Support Questions

KeithLeoIdeam · ‎02-18-2021

Hi

I am trying to get HWC connector working but there is no documentation about what libraries to include and how to set it up. My project works perfectly until I try to use the Hive Warehouse Connector.

The error I get is:

Exception in thread "main" java.lang.NoSuchMethodError: 'shaded.hwc.org.apache.thrift.transport.TTransport org.apache.hadoop.hive.common.auth.HiveAuthUtils.getSocketTransport(java.lang.String, int, int)'
        at org.apache.hive.jdbc.HiveConnection.createUnderlyingTransport(HiveConnection.java:659)
        at org.apache.hive.jdbc.HiveConnection.createBinaryTransport(HiveConnection.java:679)

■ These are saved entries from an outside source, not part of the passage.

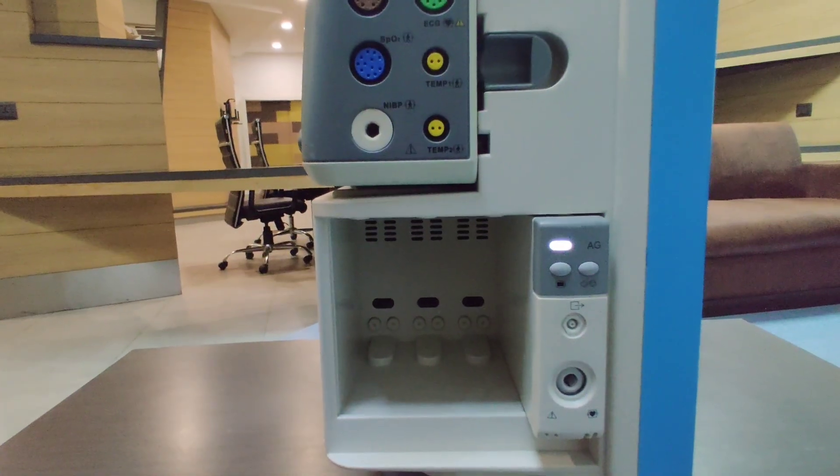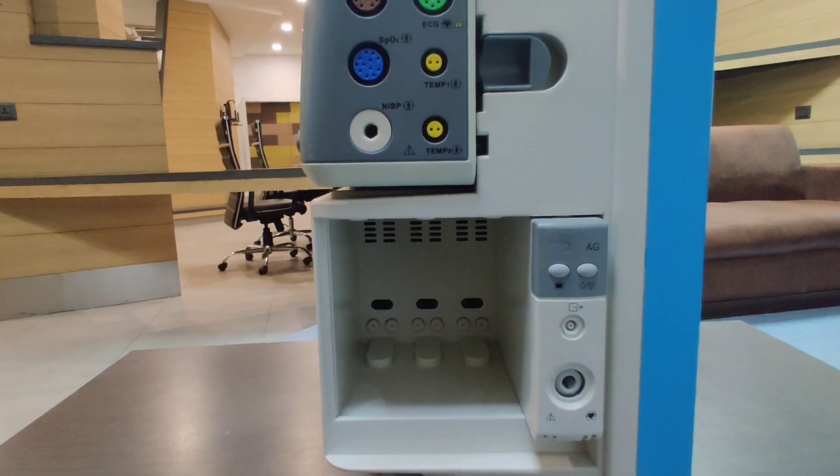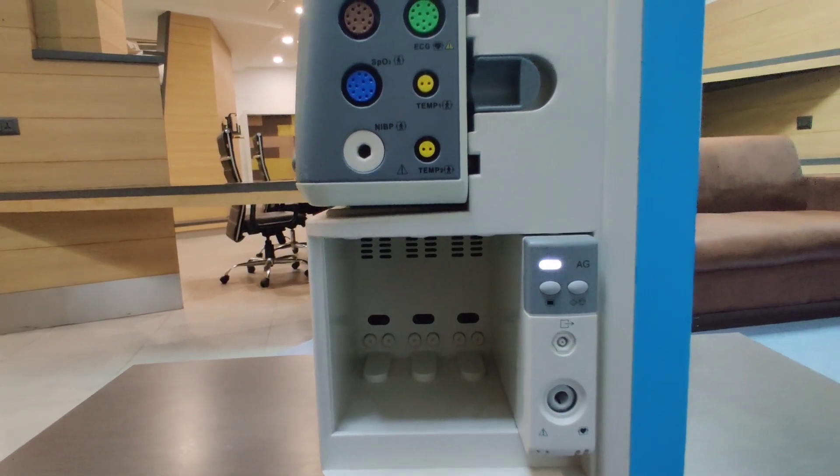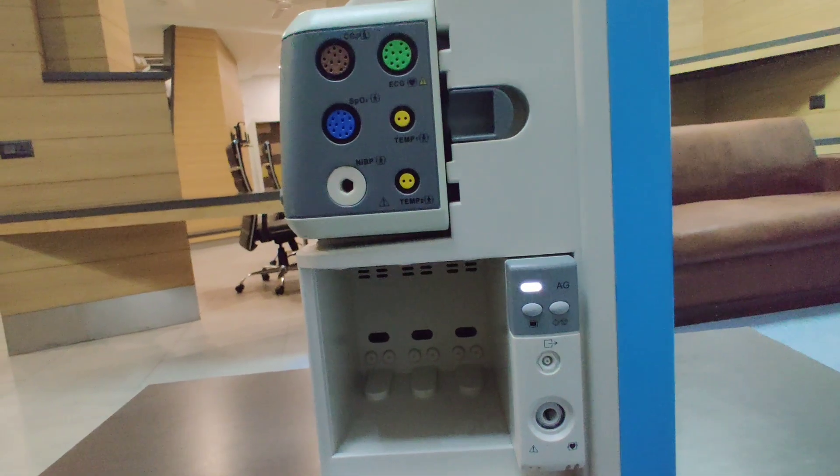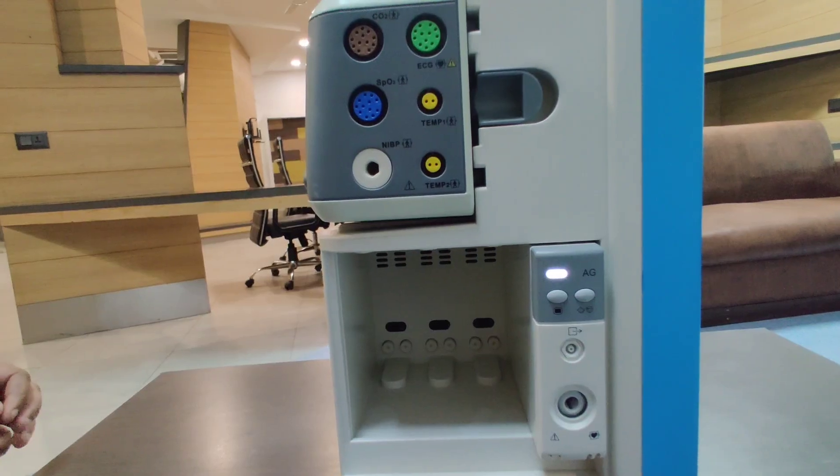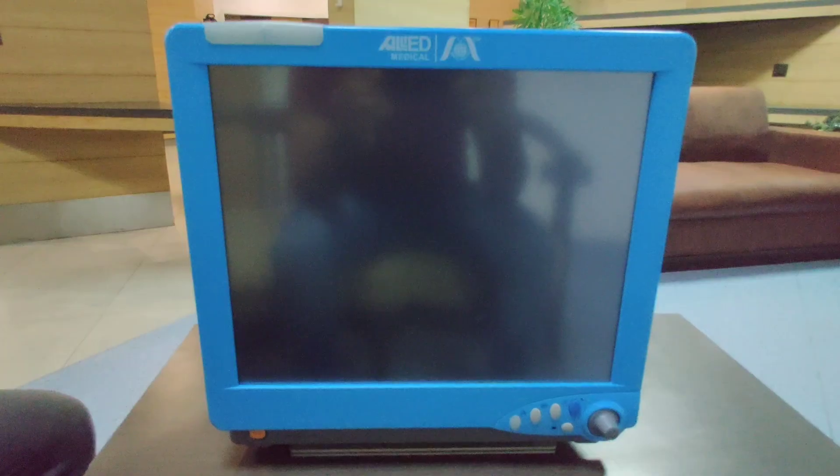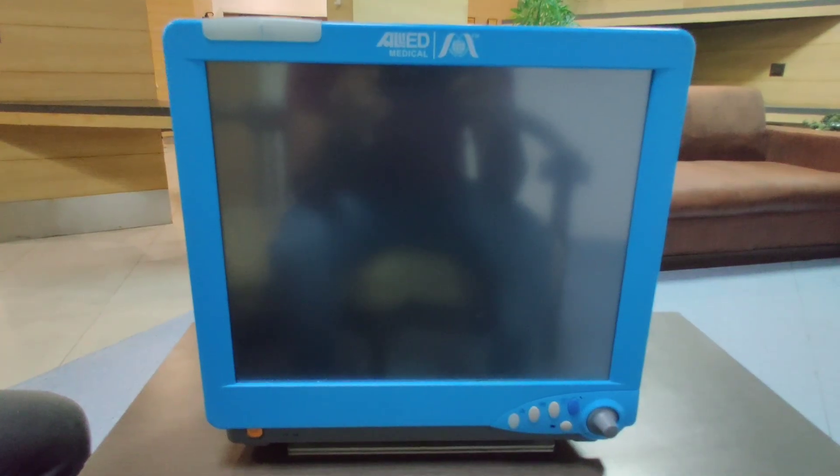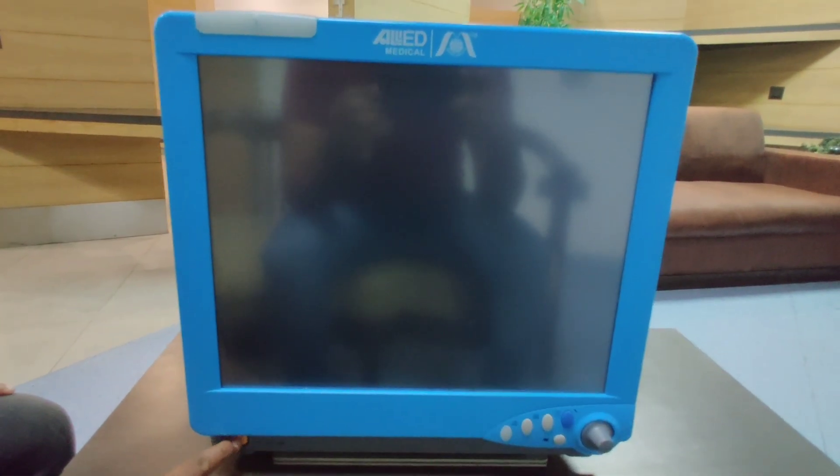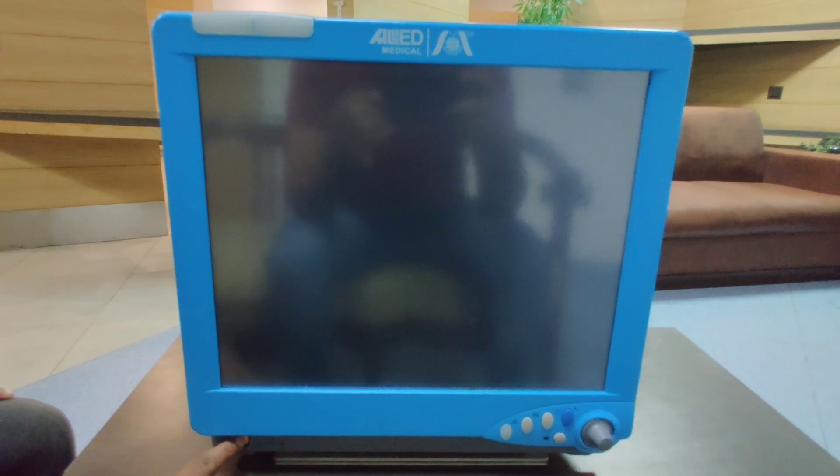This is the reason it is known as the fully modular monitor. For turning on the monitor, there is a button on the left side which you have to press and hold.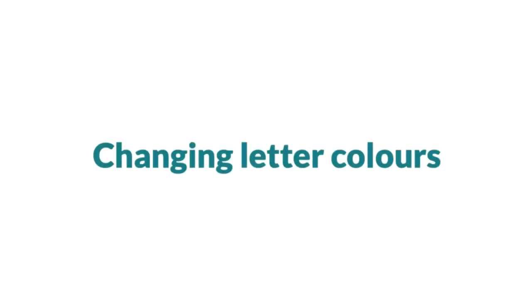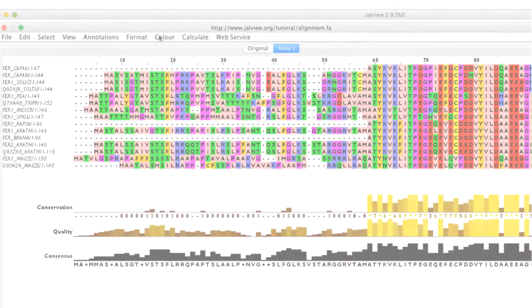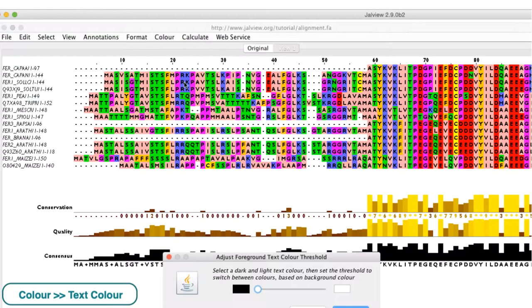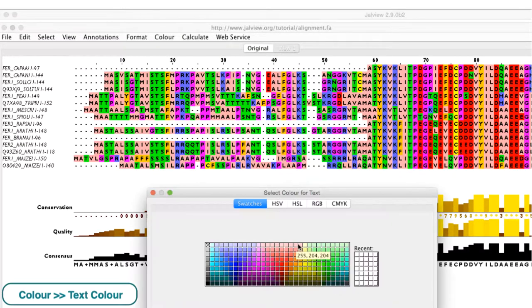The colors of the letters can be changed in the color menu by selecting text color and then clicking on the required color.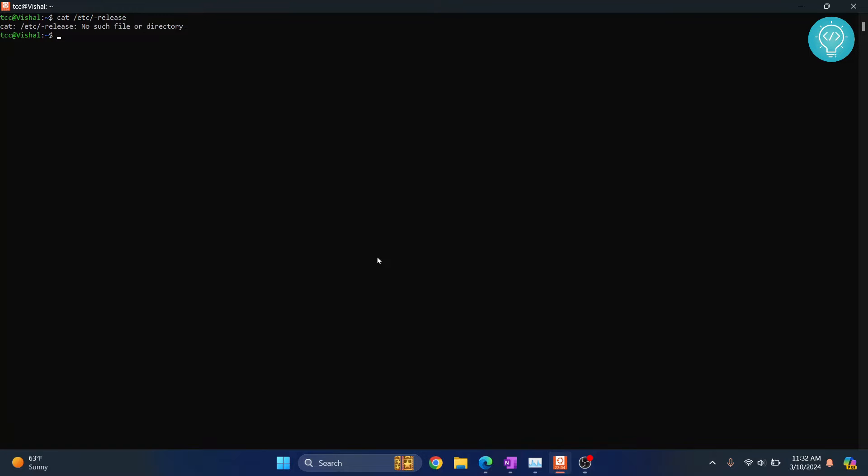Let's see how we can install the latest version of Python, Python 3.12, on Ubuntu 22.04. First, let me show you that I'm on Ubuntu 22.04.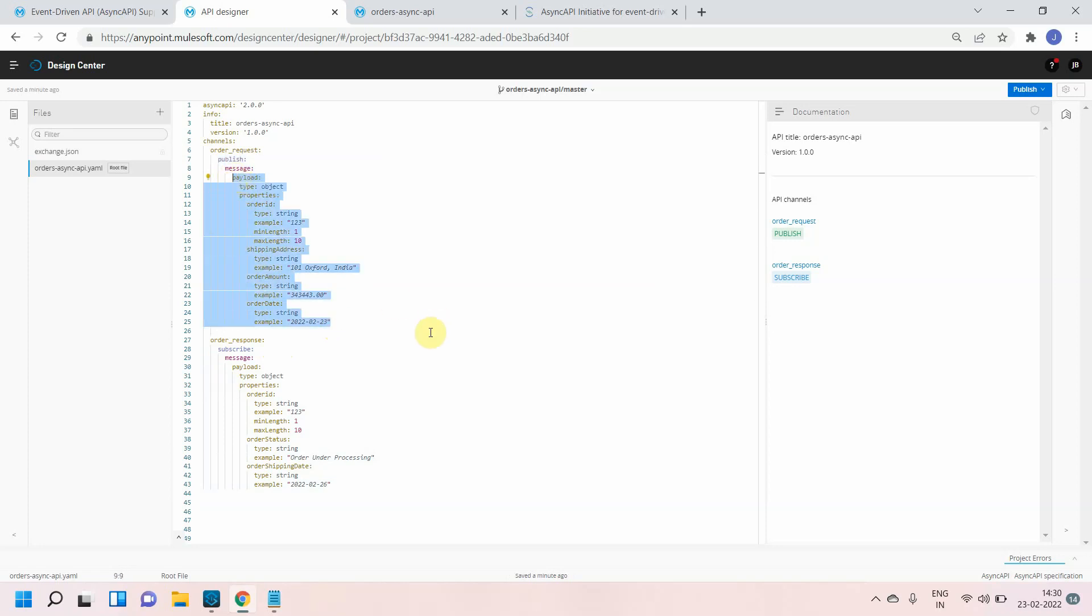In that case, what will you do? You will write like some channel XYZ, then you will again define this particular payload for that channel. Basically you are writing a duplication of code. You are defining your payload multiple times.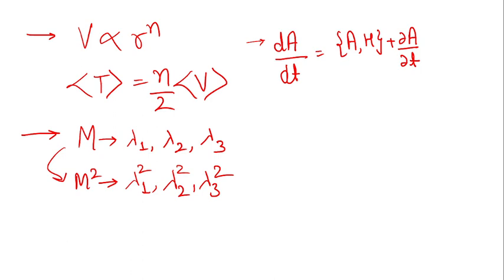These are the three different concepts we have talked about. One is the Virial theorem - if you know about dependency on r to the power n, how you will be able to relate the average kinetic and potential energy. Second, if you have any matrix given to you and you make any kind of changes in the matrix, what kind of changes in the eigenvalue you have to consider.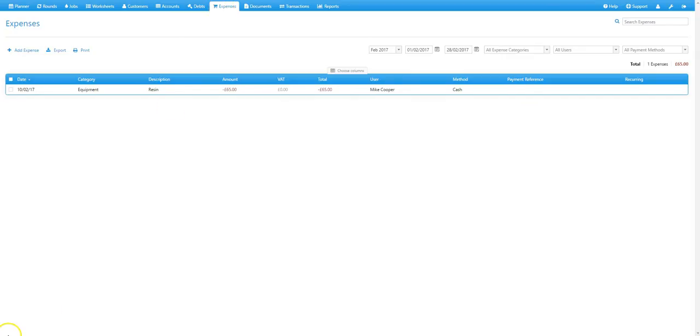Now it's also possible to add a recurring expense, which is very handy if you have a regular fixed expense that you don't want to have to add every week or every month, for example vehicle or liability insurance.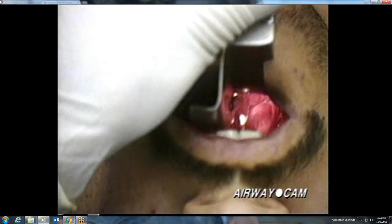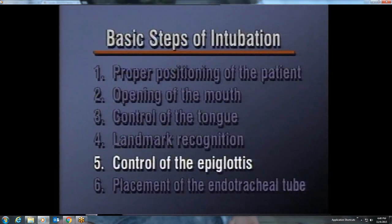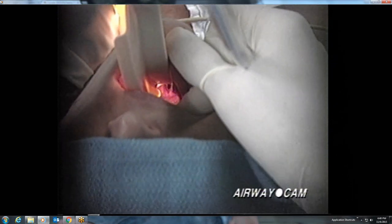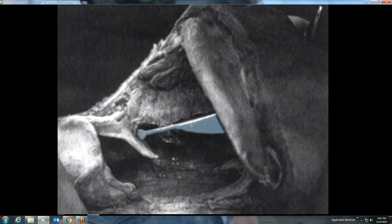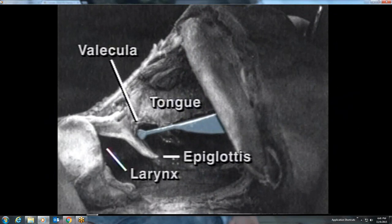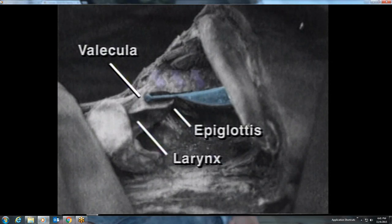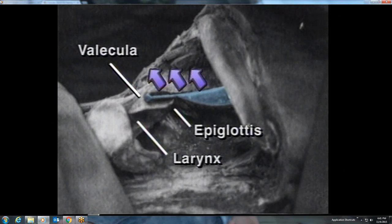The fifth step involves control of the epiglottis and exposure of the larynx. With the curved blade, the epiglottis is lifted indirectly by pressure on the vallecula and the underlying hyoepiglottic ligament. On this cadaver cross-section, note the differences in the epiglottis when the tip of the blade is loosely applied to the vallecula, and when it is firmly pressed, causing the epiglottis to be lifted upwards. Traction on the laryngoscope in the direction of the handle causes elevation of the epiglottis when the tip is correctly placed.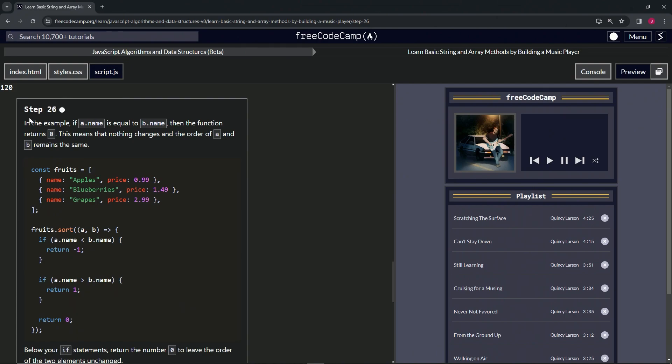All right. So in the example, if a.name is equal to b.name, then the function returns zero. This means that nothing changes and the order of a and b remains the same.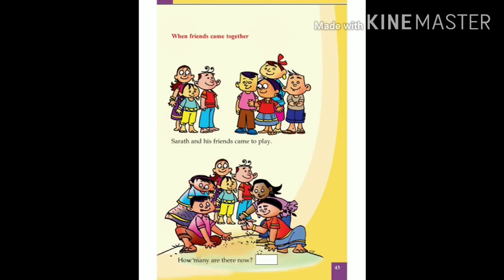Now you can see there are so many friends of Sharath in the picture. You can see the friends of Sharath. How many friends are there? We can count. One, two, three, four, five, six and seven. Seven friends are there. So everyone write it there in the column.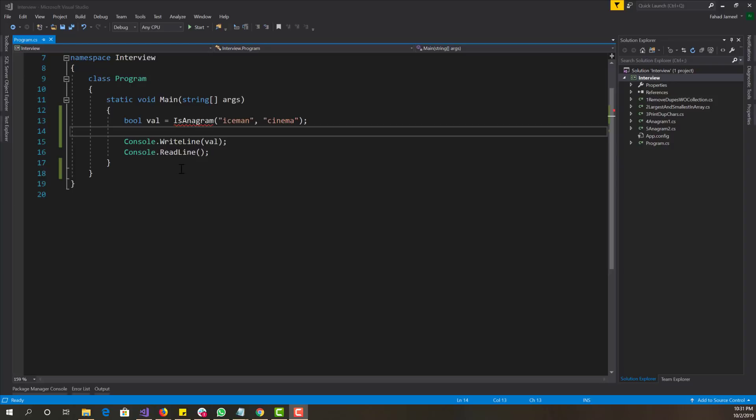Hey, what is up guys? This is FNH here and welcome back to another programming algorithm tutorial.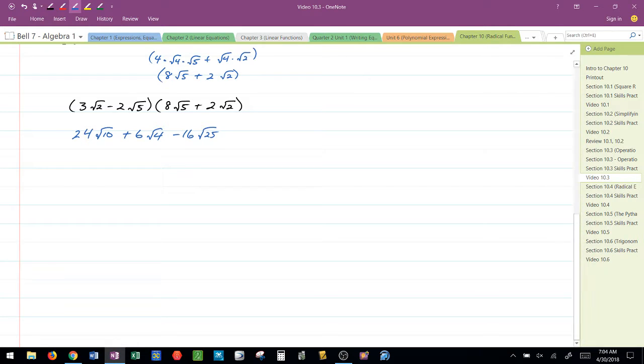And then I have negative 2 radical 5 times positive 2 radical 2. That gives me negative 4 radical 10. I can't simplify that.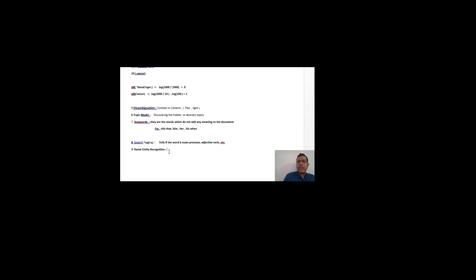The next term used in NLP is named entity recognition. Named entity recognition depends on how rich or powerful your dictionary is. For example, if you enter 'dollar', it tells you it's related to money. If you type a city name like London, New York, Delhi, or Mumbai, it tells you it's the name of a place. So named entity recognition depends on how rich your dictionary is.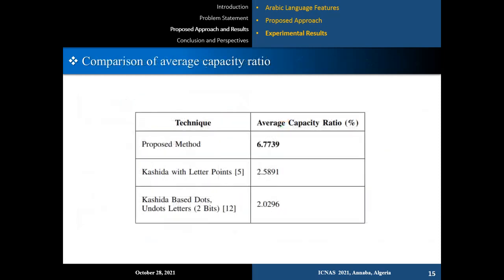We also compare the average capacity ratio of our proposed technique to other dotted-based approaches from the literature. As shown in this table, the obtained results clearly indicate that the proposed technique has superior performance in terms of capacity efficiency.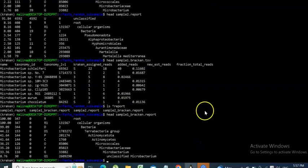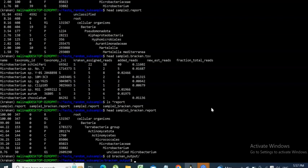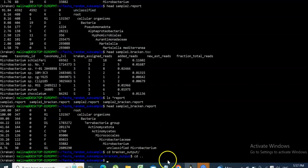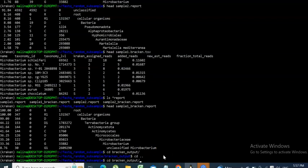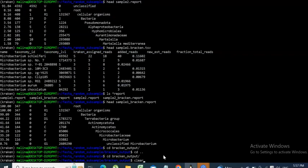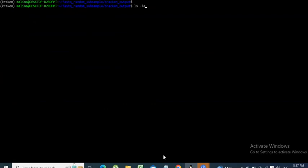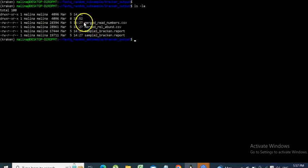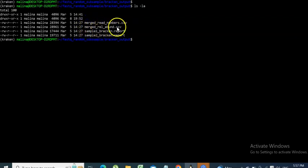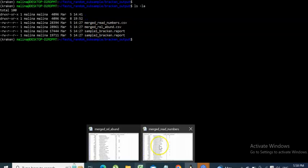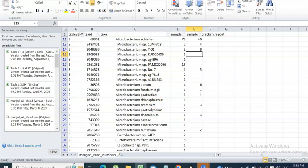Go into the bracken_output directory. Note that you need to run this script from your working directory, not from inside the bracken_output directory. Once you have run it and navigate to bracken_output, you will get two output files: one called merge_reads_numbers.csv and one called merge_relative_abundance.csv.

What I'm doing is (very simple):

 SparkSession spark = SparkSession.builder()
.appName("App Name")
.enableHiveSupport()
.config("spark.sql.hive.hiveserver2.jdbc.url","jdbc:hive2://maksed.this.url:10000/default")
.config("spark.datasource.hive.warehouse.load.staging.dir","/tmp")
.config("spark.hadoop.hive.llap.daemon.service.hosts","@llap0")
.config("spark.sql.hive.hiveserver2.jdbc.url.principal","user@realm.CO.ZA")
.master("local") 
.getOrCreate();

HiveWarehouseSession hive = HiveWarehouseSession.session(spark).build();
hive.showTables();

So I have mounted the Hadoop site files which I download from Cloudera Manager (core-site.xml, hdfs-site.xml, hive-site.xml,yarn-site.xml), and that how spark finds its Hadoop config

If I run the same thing with pyspark in the shell on a node I can connect fine and everything works it's just when I port it to a maven project.

My instinct tells me perhaps I am missing a maven dependency?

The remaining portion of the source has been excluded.